Pasqua, Cosenza e la cultura contadina
Non bisogna confinare le mentalità del mondo popolare nel campo di una storia immobile, in un quadro statico e angusto, considerarle un semplice terreno di coltura e di persistenze arcaiche. È ingenuo pensare che la cultura dei contadini fosse spontanea e si riproducesse di generazione in generazione senza un disegno, che si acquistasse senza sforzo sin dalla nascita, mentre quella dei colti fosse capace di produrre conoscenze perché prodotte dalla ragione e trasmessa da specialisti del sapere. Prese dallo sforzo quotidiano per la sopravvivenza, le classi subalterne sembravano riprodurre meccanicamente abitudini e consuetudini, ma in realtà erano produttrici di culture diffuse con mezzi semplici quali l’oralità.
Nei villaggi esisteva una complessa dialettica tra gruppi sociali che, di volta in volta e a seconda delle convenienze, si sviluppava sul piano della conservazione o dell’abbandono di pratiche e credenze antiche. Il patrimonio culturale di un territorio nei suoi vari aspetti, rammemorazione compresa, è frutto di una continua lotta.
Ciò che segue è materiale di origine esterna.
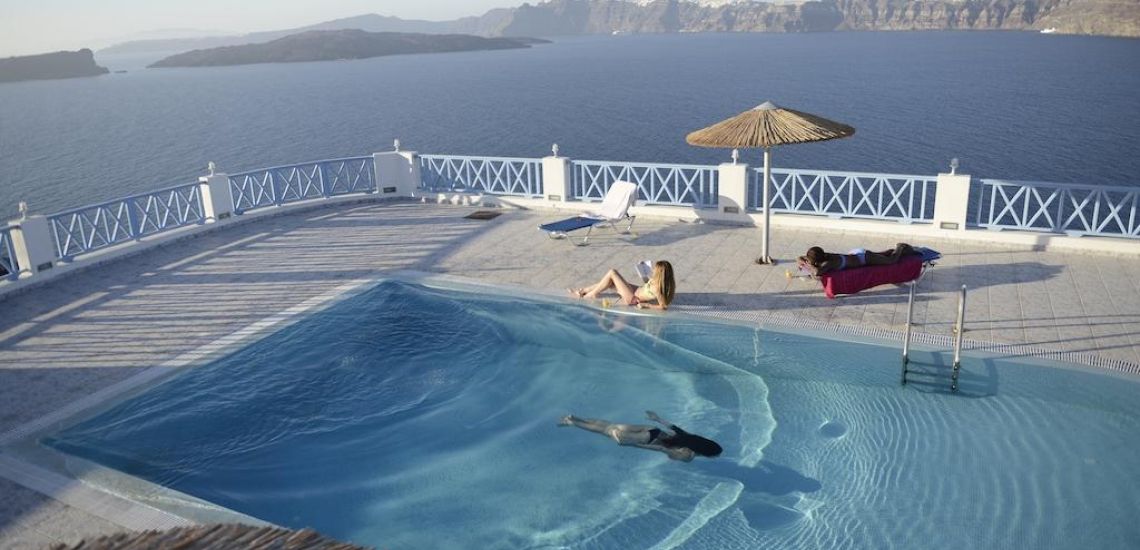 Villa Maria zwembad met zeezicht
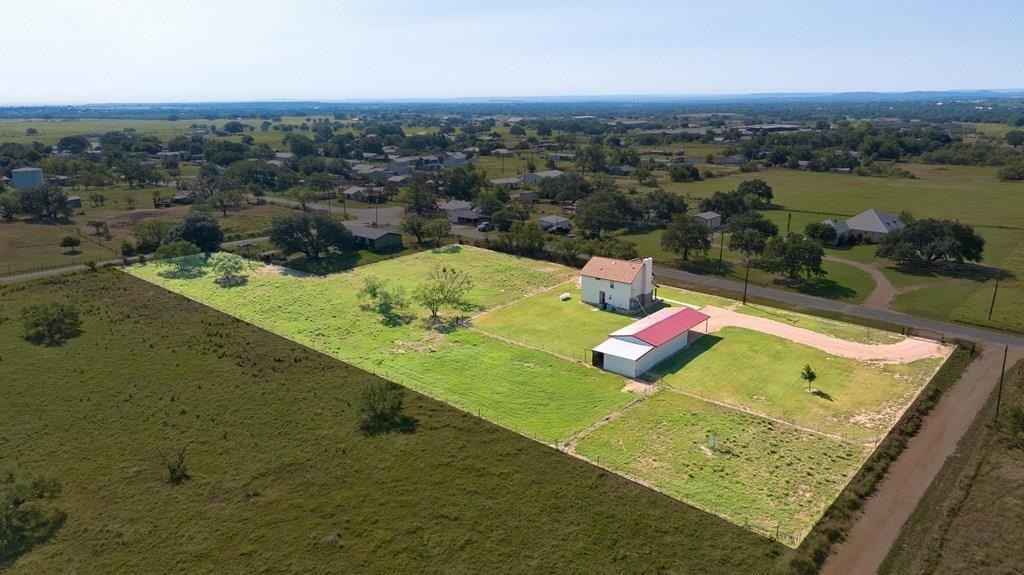 1004 E Pontotoc  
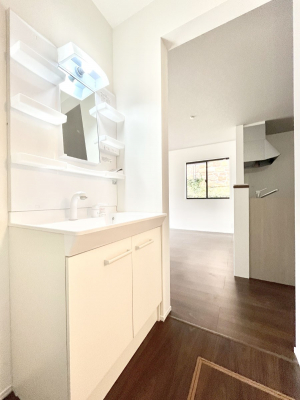 ���̑��@�������̂�����K��Ԃł��B�����̐g�x�x���C�����ǂ����g�������܂��B 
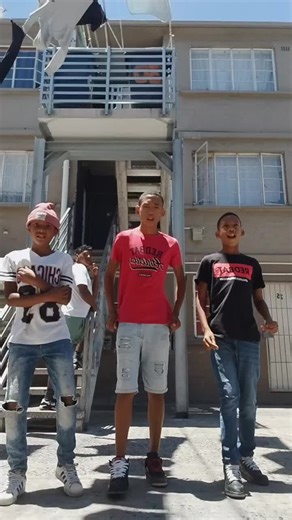 TEAM DON'T CATCH 🤟🎱 (@team.dont.catch)’s videos with original sound - TEAM_KAPITAAL🫂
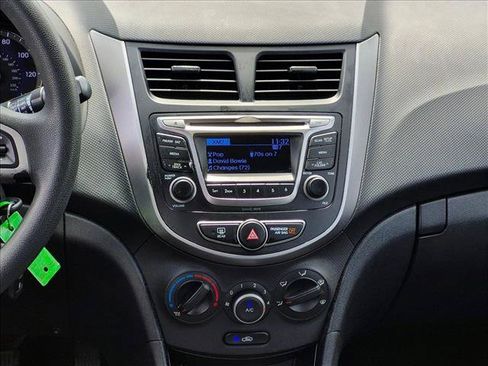 Used 2015 Hyundai Accent GS FWD image 13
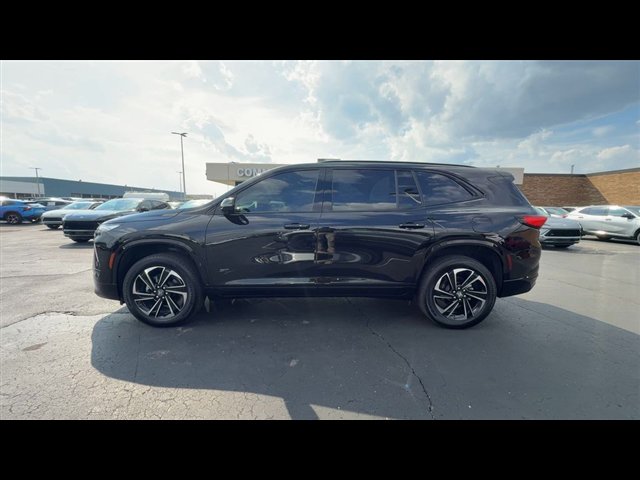 Certified 2026 Buick Enclave Sport Touring w/ Power Package AWD/4WD image 5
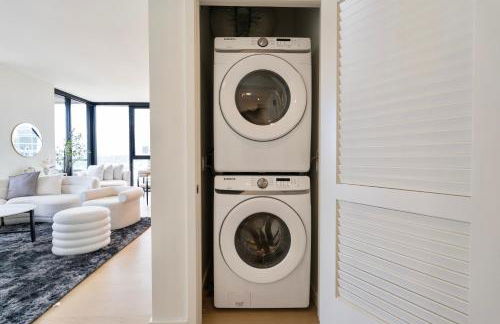 Sky High at Beaudry 2 Bed Apt WITH FREE PARKING - Foto 31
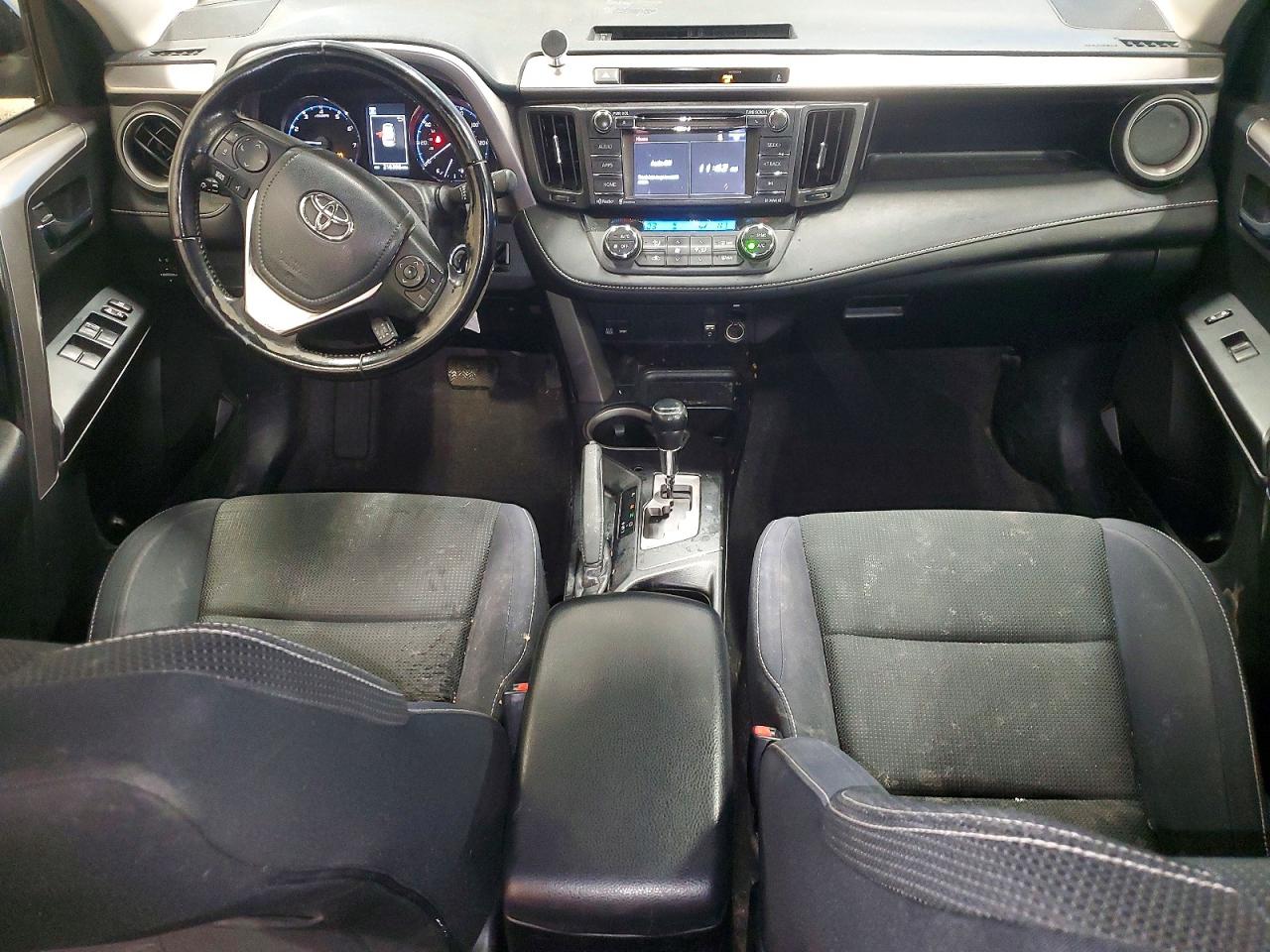 2016 TOYOTA RAV4 XLE photo 22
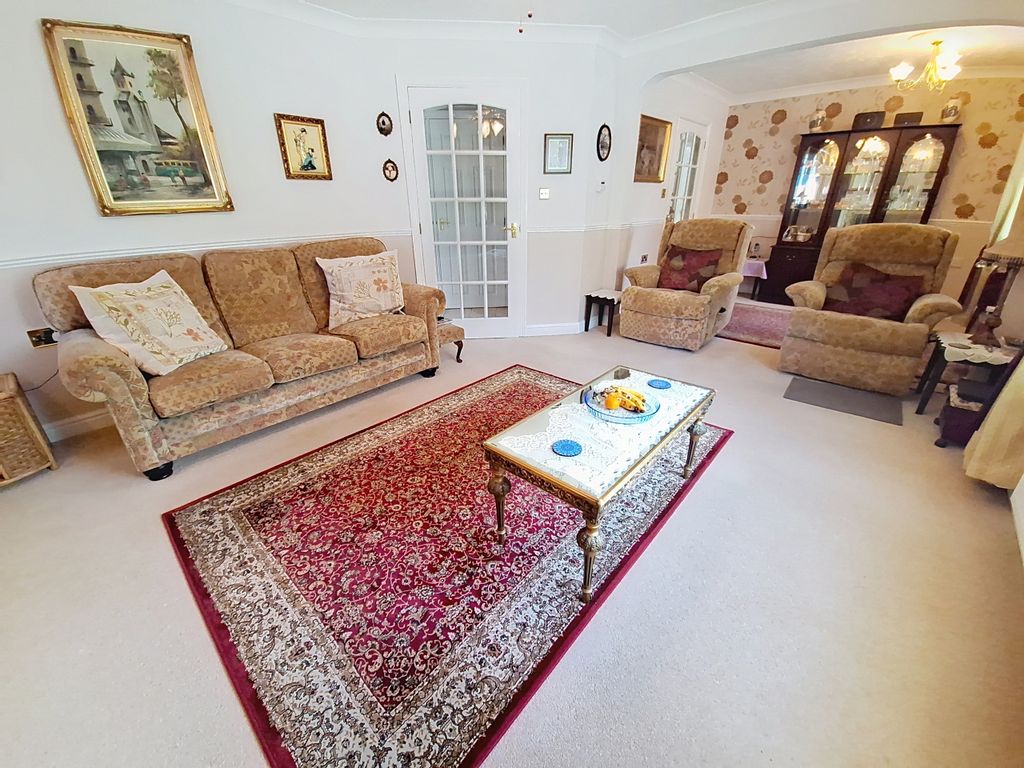 Property photo 3 of 20 15-Cowpers-Gate_00001 (16) (1)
Spesso si considera la memoria di una comunità come un organismo dotato di uno spirito unico, un crogiolo che contiene i ricordi di tutti. In realtà accade spesso che gruppi d’individui non trasmettono le loro esperienze alle generazioni successive, che nel processo di ricostruzione del passato alcuni fatti sopravvivano e di altri si perda ogni traccia.
Gli uomini non sono in grado di ricordare tutto, ma neanche di dimenticare tutto. Memoria e oblio vanno insieme, l’una non può fare a meno dell’altro. Il tempo, lentamente e inesorabilmente, lavora per fondare certe memorie, per esaurirne il potenziale o, addirittura, per eliminarle. Ricordare e dimenticare è frutto dell’incessante lavoro d’invenzione e reinvenzione della memoria, risultato di continui scontri e patteggiamenti, tanto a livello individuale che collettivo, tra ciò che bisogna ricordare e ciò che bisogna dimenticare.
Le mentalità si modificano: a volte possono sembrare salde e incontaminate, altre mutano bruscamente per rispondere a nuove sensibilità. In alcuni periodi credenze e valori prima dominanti cessano di esserlo, in altri si avvicendano tra sentimenti opposti, in altri ancora si sovrappongono o s’incastrano tra loro.
La memoria subisce una continua metamorfosi e una reinvenzione. Gli individui e i gruppi sociali selezionano, reinterpretano e rifondano il passato alla luce di quello che sono diventati, ricordando il passato lo ricreano e gli attribuiscono un senso in relazione alla loro idea del presente. Le credenze si tramandano di generazione in generazione, ma nel processo interpretativo della tradizione subiscono una variazione; le narrazioni sono mutuate da storie che vengono rielaborate e adeguate a nuove realtà, a cui gli individui apportano il proprio personale contributo.